You know I’m not one for foolishness and I think dragging myself and my equipment through a crowded shop in Oxford Street for a perfectly healthy 23 year-old man with a headache is just plain stupid. He had no medical history, no acute trauma and he could easily have taken himself off to his GP…or had a couple of paracetamol. Instead he insisted that I half carry him to the exit while the crew accompanied us to the waiting ambulance. He amplified his drama by pushing down on my shoulder and practically limping as I supported him across the acreage of shop floor. Silly man.
The newest frequent flyer (well, new to me), called us again for a head injury, post assault, that he simply didn’t have. I knew it was him before I arrived on scene – the age, the location and the nature of the call hinted at it and when I arrived I found him inside a phone-box, on the phone to our 999 call-taker. I knocked on the window of the box and asked him to come out. When he recognised me he dropped the phone and I picked it up to explain what was happening and to cancel the ambulance. Risky as this may seem to some of you, I could see immediately that he had no injuries and his face confirmed that fact. He wants off the street but try as we do, he resists all efforts to help him, so I gave him his options, none of which included going to hospital (on the last call to him he changed his mind because the hospital didn’t suit him).

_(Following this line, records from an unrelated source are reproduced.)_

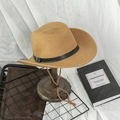 Unisex wide brim woven straw cowboy hat with leather band and adjustable chin strap - M / Khaki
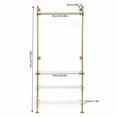 thumbnail image 2 of Gold Metal Ceiling Free Standing Clothes Bar Display Closet Rod Garment Rack, 2 of 12
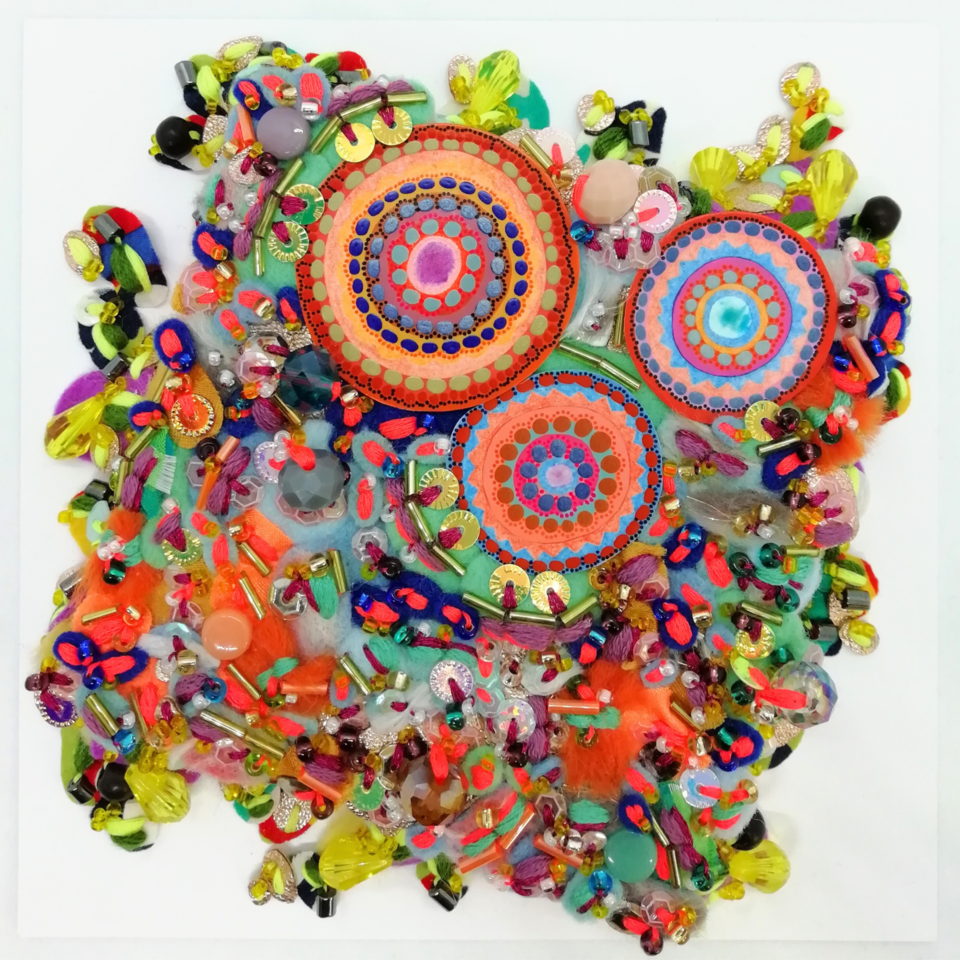 Sunny Citrus Summer Framed Textile Art - Decorative Fabric Collage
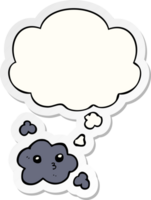 mignonne dessin animé nuage avec pensée bulle comme une imprimé autocollant png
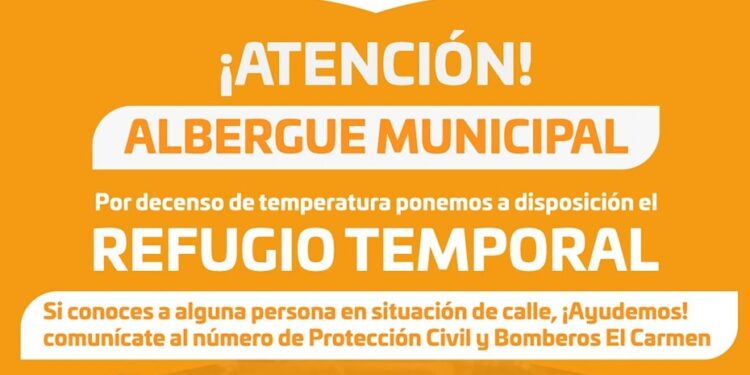ACTIVAN ALBERGUE TEMPORAL EN EL CARMEN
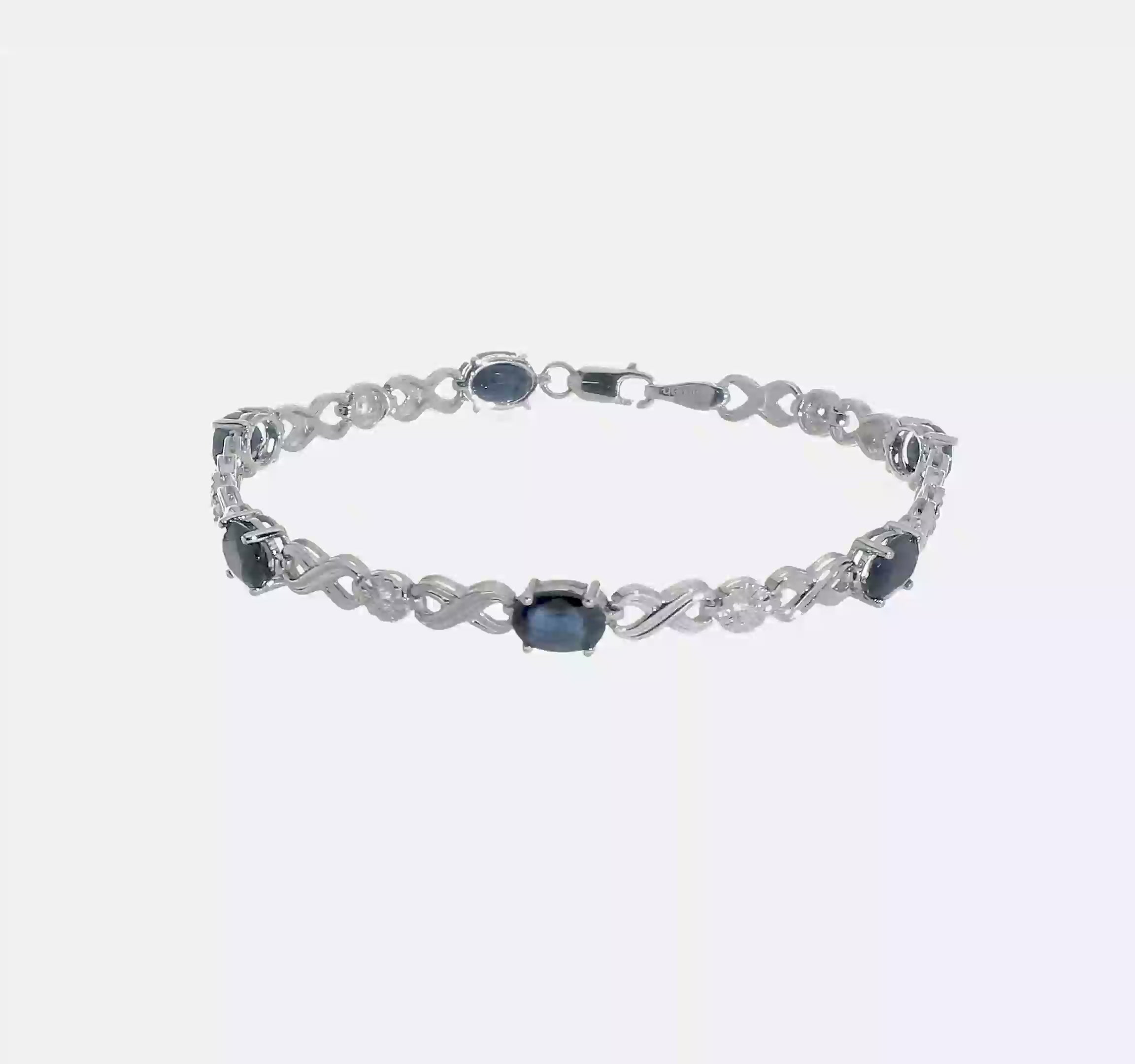 14kt White Gold Diamond and Sapphire Infinity Bracelet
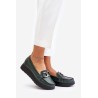 Leather Moccasins On Platform With Decoration Dark Green Zazoo 10141 - 10141 V.OLIWKA+CN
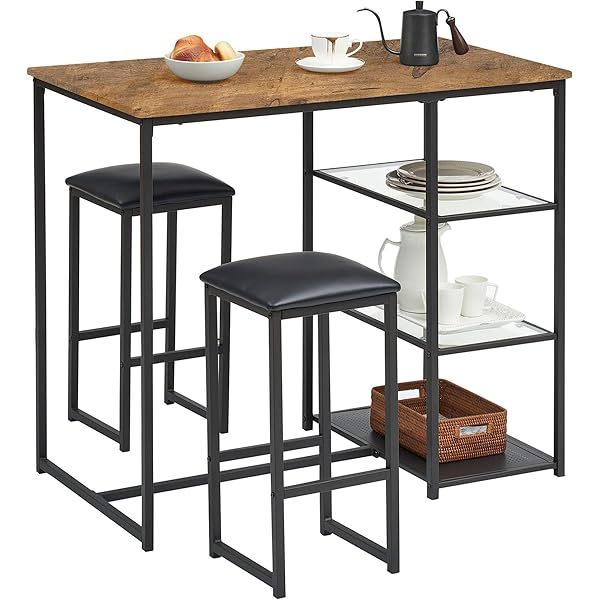 juego de mesa de comedor con mesa de vidrio para 4, Negro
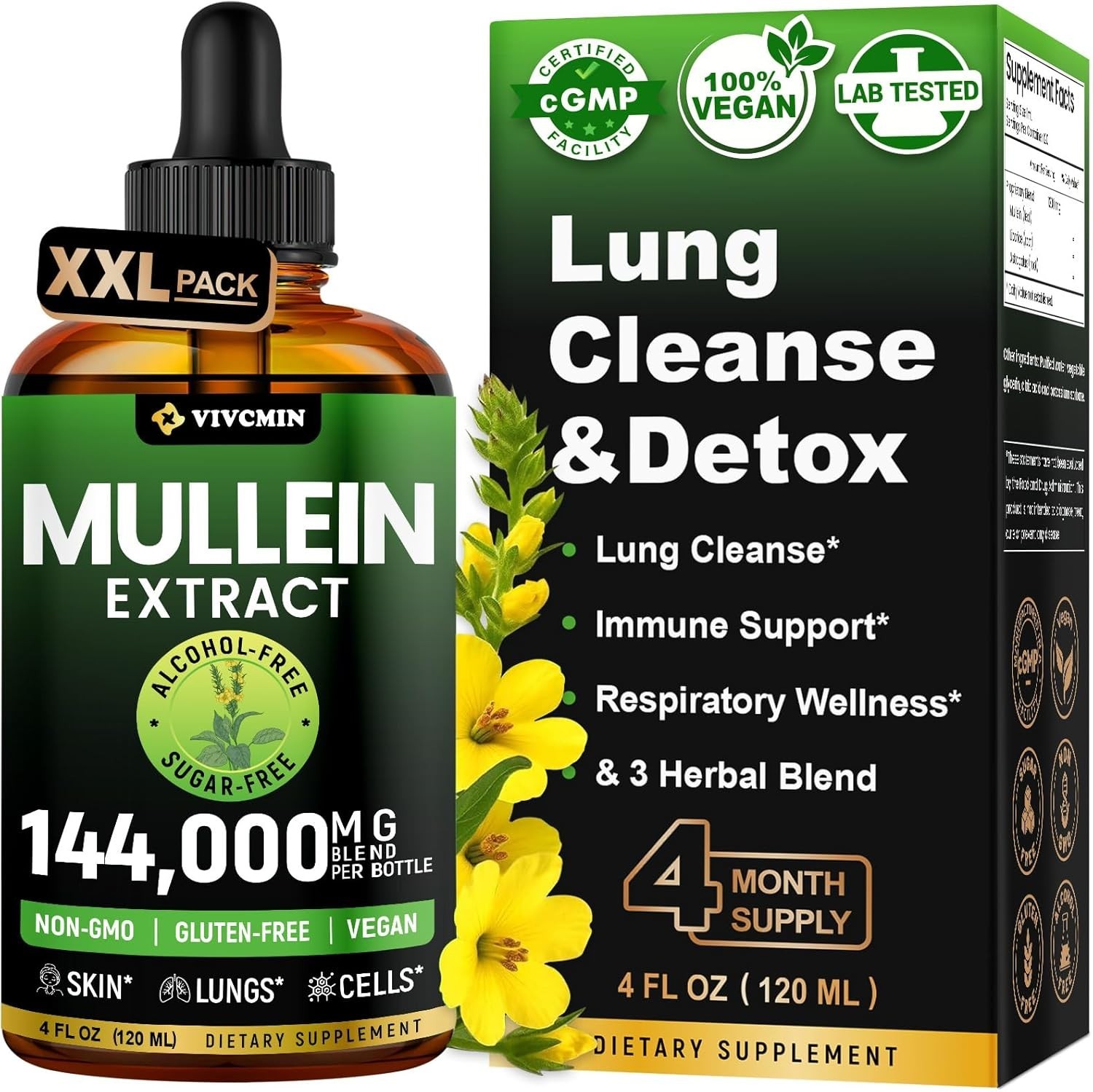 Mullein Drops for Lungs – Lung Detox for Smokers & Lung Cleanse Liquid – Mullein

The police arrived on the ‘assault’ call and they too recognised him; he’d been arrested the day before and they pondered over a solution, including re-arrest for hoax calls to the emergency services. At first he sat quietly in the back of my car but then he became abusive with me and opened the door to leave. The officers stood in front of him as he got out and he swore at the WPC and punched her in the stomach – that was enough and he was immediately arrested for assaulting a police officer – ironic really.
Okay, he may have psychiatric problems and he is homeless but I have tried to help him and many of my colleagues are just plain fed up being abused by him when they try to help too, so the only place for him until he is catered for appropriately is a police station cell. We are stretched to the limit because of individuals like this and they are costing you money and threatening to drain resources that could be allocated to your mother when she has chest pain. That’s how I see it and, although I have a duty of care, I also have to exercise it in the wider sense. I’m also a responsible, tax-paying grown-up. I may as well give him a fiver every time he calls us; it would be cheaper in the long run.
As I drove around Piccadilly Circus I overheard a comment made towards me by a man crossing the road. ‘God bless the NHS, it hasn’t got long’, he quipped. What he said rings true and it’s no wonder when we continually pander to the minority of people who over-stretch the service simply because they can.